StealthyExpertX commented 1 year ago

Is .wav support a thing? If so what is the correct usage import for using mutagen as a module?

I wanted to be able to do something like "from mutagen.mp3 import MP3" but the wav equivalent.

phw commented 1 year ago

@StealthyExpertX WAVE in general is supported. The easiest way to load a file into mutagen independent of format is:

from mutagen import File

file_path = "./test.wav"
f = File(file_path)

For WAVE f will be of type mutagen.wave.WAVE. You can of course also directly instantiate this class. See also the documentation at https://mutagen.readthedocs.io/en/latest/api/wave.html .

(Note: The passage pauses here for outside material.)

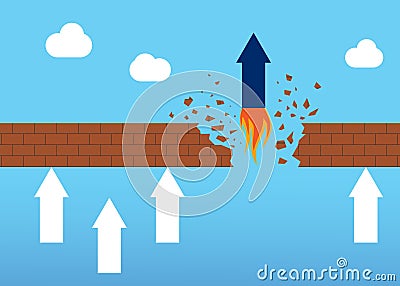 Competition concept. Arrows stuck near brick barrier and blue one breaking it. Illustration Stock Photo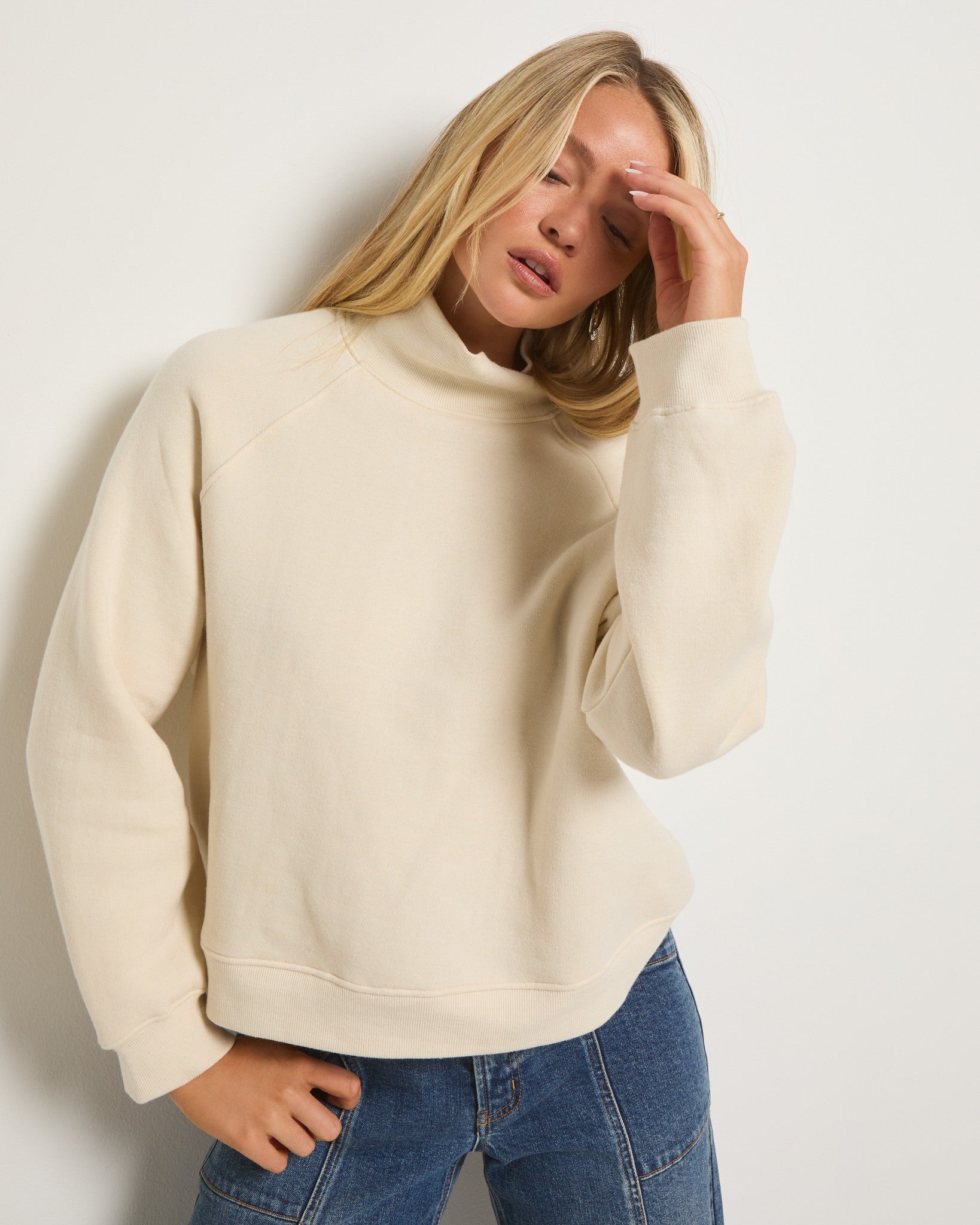 Cream $|& SEAS Sunrise Mock Neck Sweatshirt - VOF Front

Regarding tags mutagen supports ID3 tags embedded as a RIFF chunk. This is also supported by some media players, e.g. foobar2000, Media Monkey and MP3Tag can read and write those tags. See also the table further up in this ticket.

Not supported right now is reading / writing tags inside an INFO chunk, as e.g. supported by Windows. Adding support for this is what this issue here is about.

It's a rather limited format (rather restricted set of tags, no support for different character encodings), but often the only tagging supported for WAVE files.